Phone numbers: accessible to other employees, customers, non-customers

Employee salary: accessible only to selected employees

Account Information: accessible to some employees, and to some customers.

3. Controlling Redundancy

Definition: redundant information refers to the same information being repeated in more than one storage locations.

Example:

HKUST databases, if ARR and IEEM dept maintain separate information:

ARR records need to store grades of each student, their SID, and their Address...

Dept records need to store SID, student Addresses...

Redundancy is, in general, not good.

Why ?

1. Needs extra storage space.

2. Extra effort in creating and maintenance of information.

3. Impossible to maintain data consistency.

(e.g. ARR changes student address, and does not inform department)

NOTE:

Controlled redundancy is, however, necessary, and useful !

Why ?

1. It may help to recover lost data in case one data storage is destroyed.

2. It can allow faster access times for some information.

4. Persistent Storage of Program Objects (and Data Structures)
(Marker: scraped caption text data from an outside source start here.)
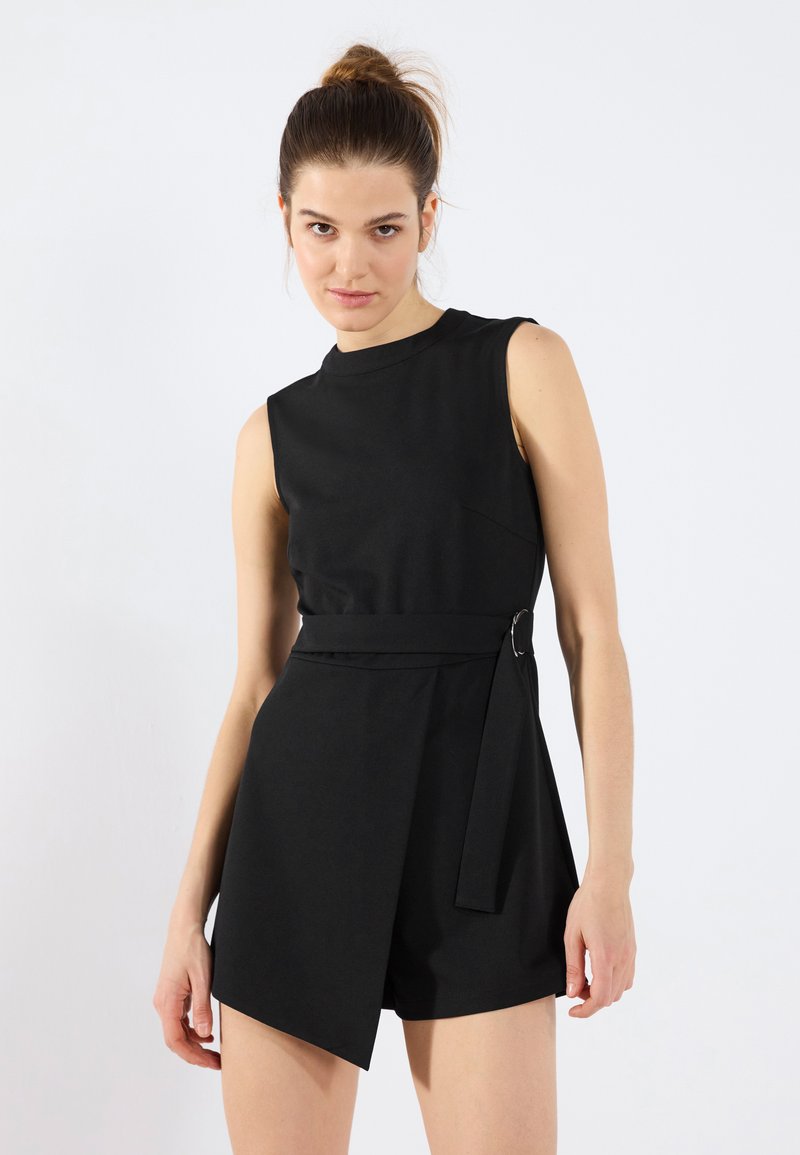 Combinaison sans manches noire en tissu lisse, avec un décolleté arrondi, une taille ceinturée dotée d'une boucle circulaire et des shorts asymétriques.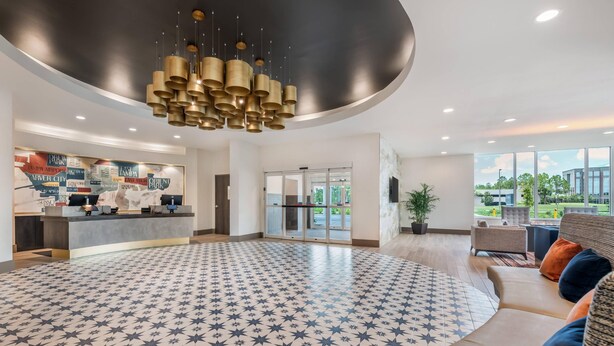 A spacious lobby with a patterned floor, a reception desk, and seating area with a view of the outdoors. - Cambria Hotel Tampa-Brandon (Tampa)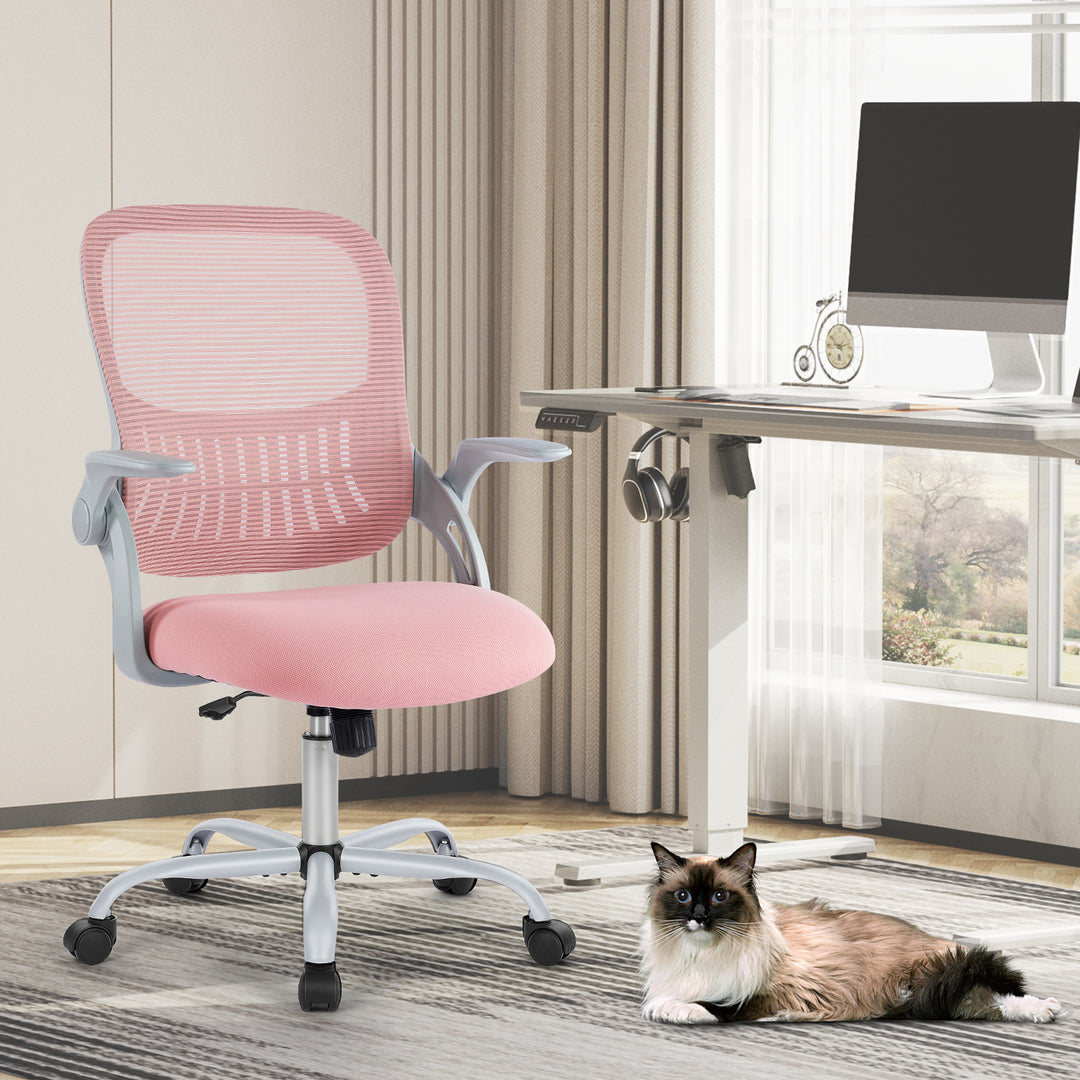 A tall pink office chair with adjustable footring, situated in a room with a white desk and a cat lying on the floor.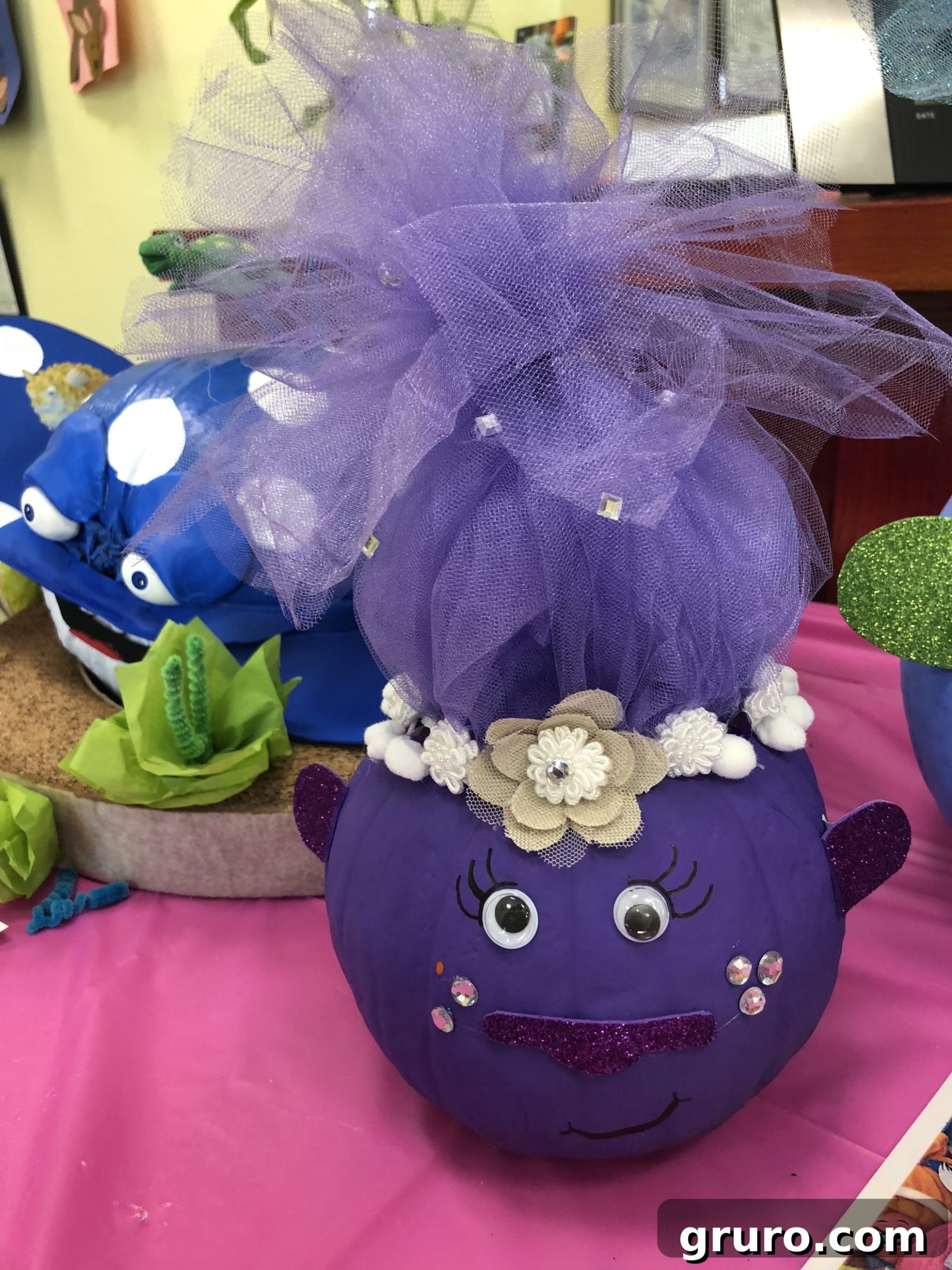 15 Creative No-Carve Pumpkin Decorations 16 A purple painted Troll pumpkin adorned with purple glitter foam and voluminous purple tulle hair.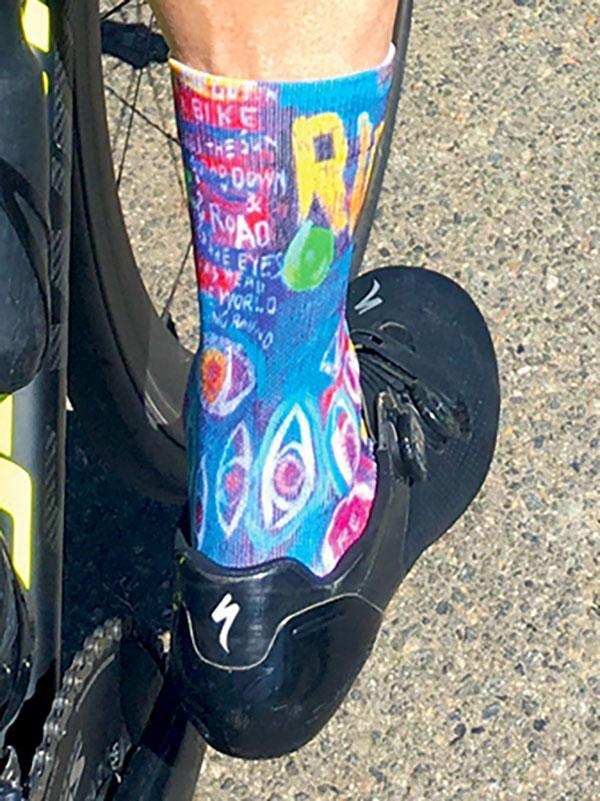 Colorful cycling socks with bold graphics worn with black bike shoes on pavement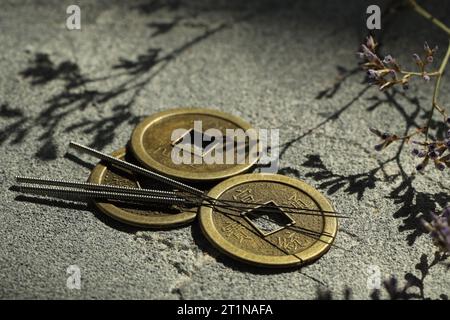 Aiguilles d'acupuncture et pièces de monnaie anciennes sur la surface de la pierre Banque D'Images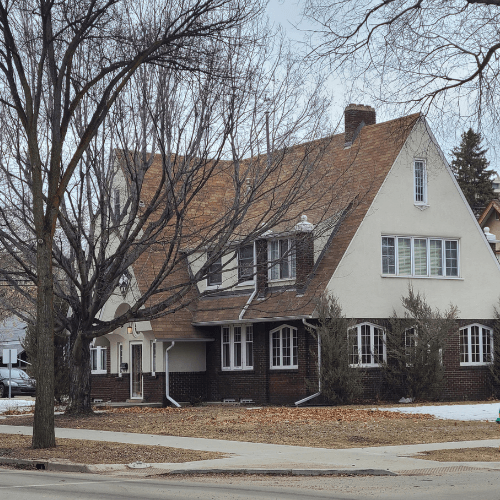 Benjamin Moore Maritime White on a stucco and brick exterior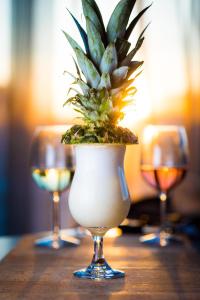 a plant in a vase on a table with three wine glasses at Hestia Hotel Europa in Tallinn
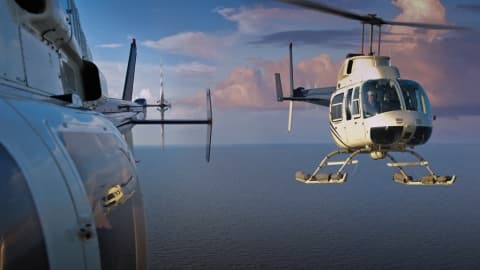 Two helicopters in flight over open water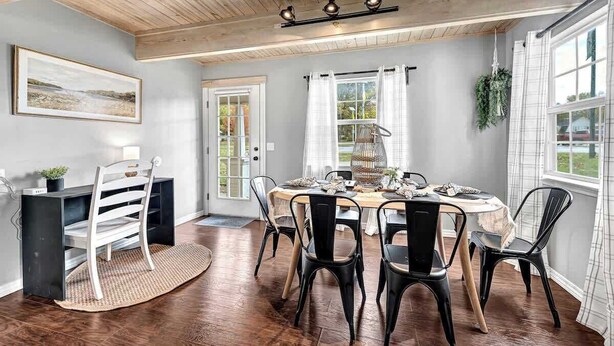 A dining area with a wooden ceiling, a round table, and black chairs. - The Oak Cottage- Charming Downtown Retreat in the Heart of Siloam Springs (Siloam Springs)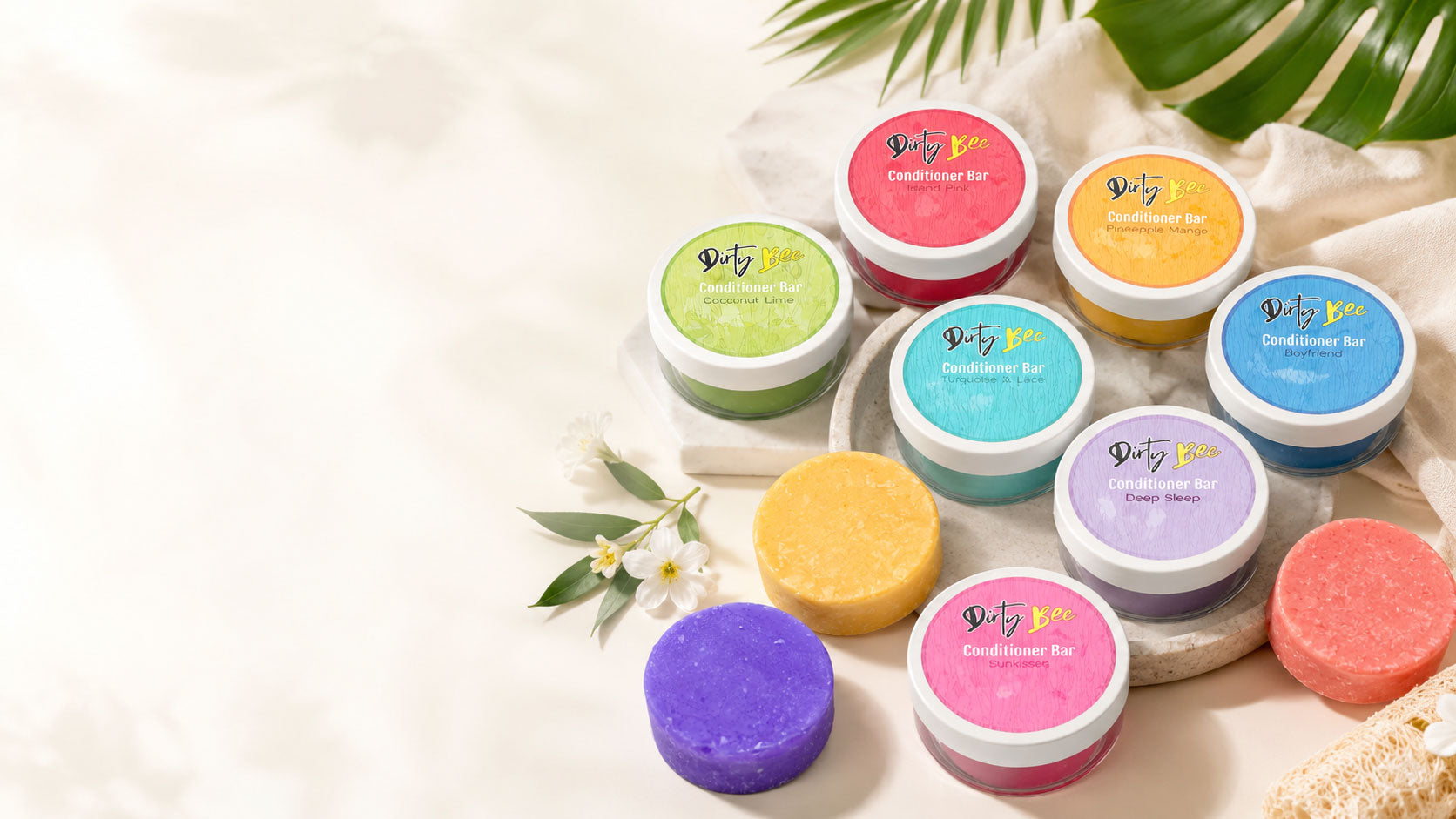 Assorted colorful Dirty Bee conditioner bars arranged with tropical leaves, flowers, and natural spa accessories.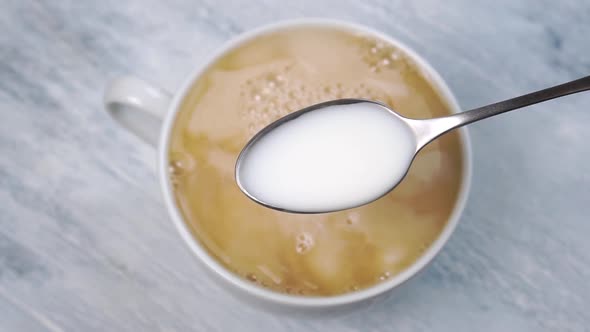 A spoonful of milk in close-up over a white cup of fresh hot tea on a wooden table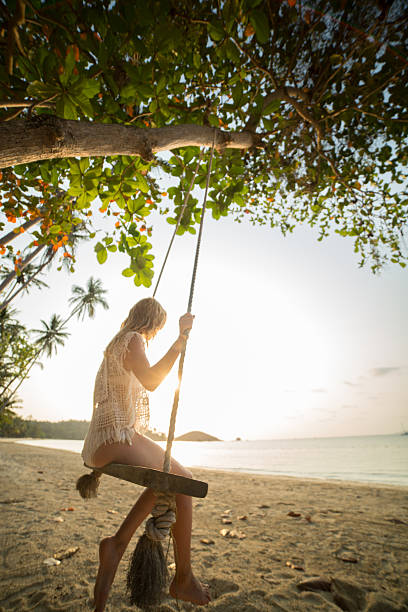 istock Woman sitting on swing watching sunset on beach 466334090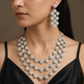 Gj necklace with ornate circular detailing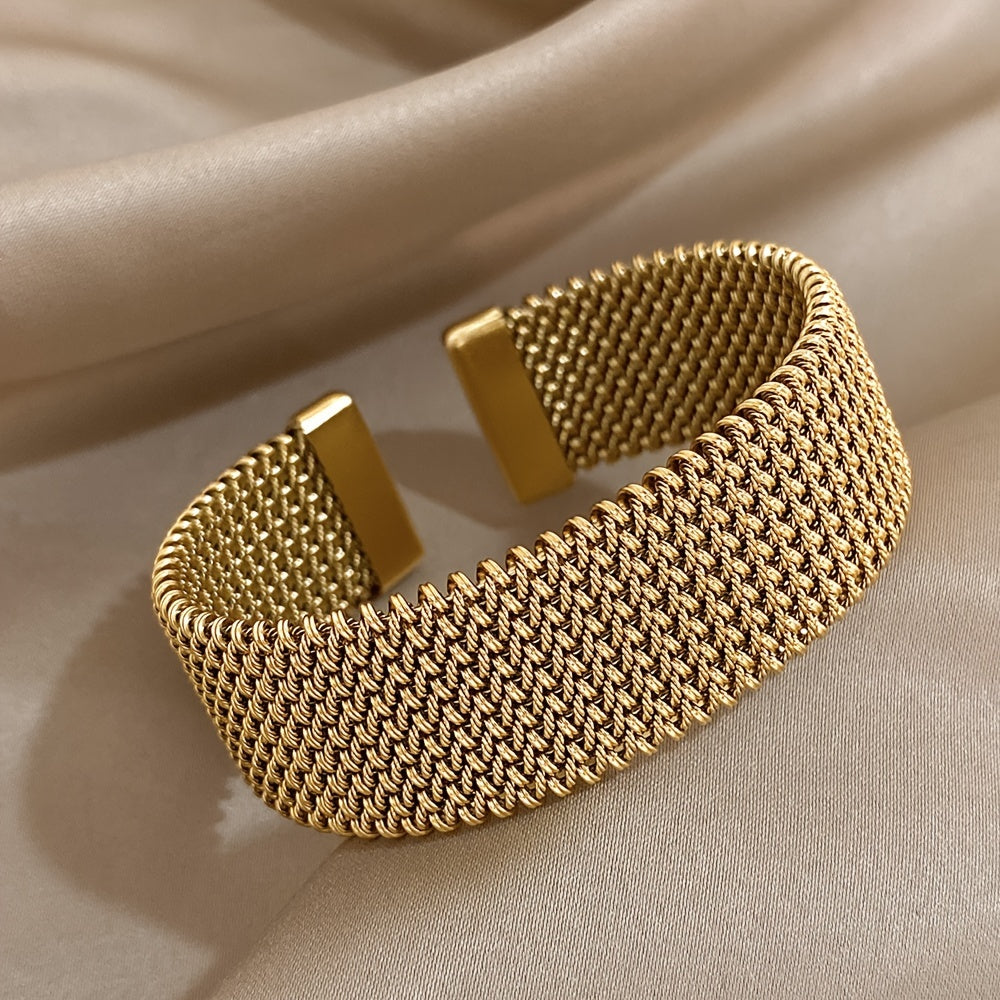 Nova bracelete moderna em aço inoxidável entrançado com um toque dourado. Acessório elegante num tom dourado versátil.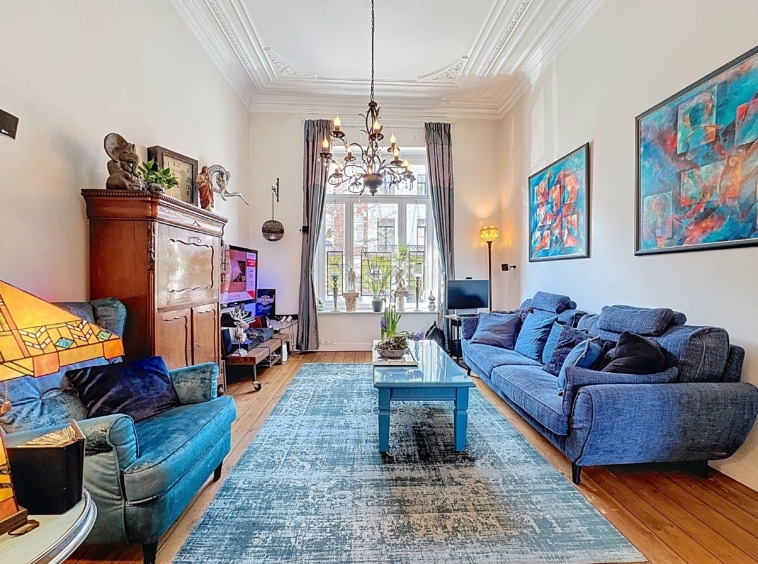 Salon moderne et cosy avec canapés bleus, œuvres colorées et ambiance chaleureuse.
In many programming applications, very large and complex data structures are used to generate information, which is used to perform some reasoning. Once the program terminates, all these data structures are lost (removed from the computer memory), unless they are explicitly stored in flat files. Modern, Object Oriented Databases allow the direct storage of such data structures in the DB, for easy and quick retrieval for re-use.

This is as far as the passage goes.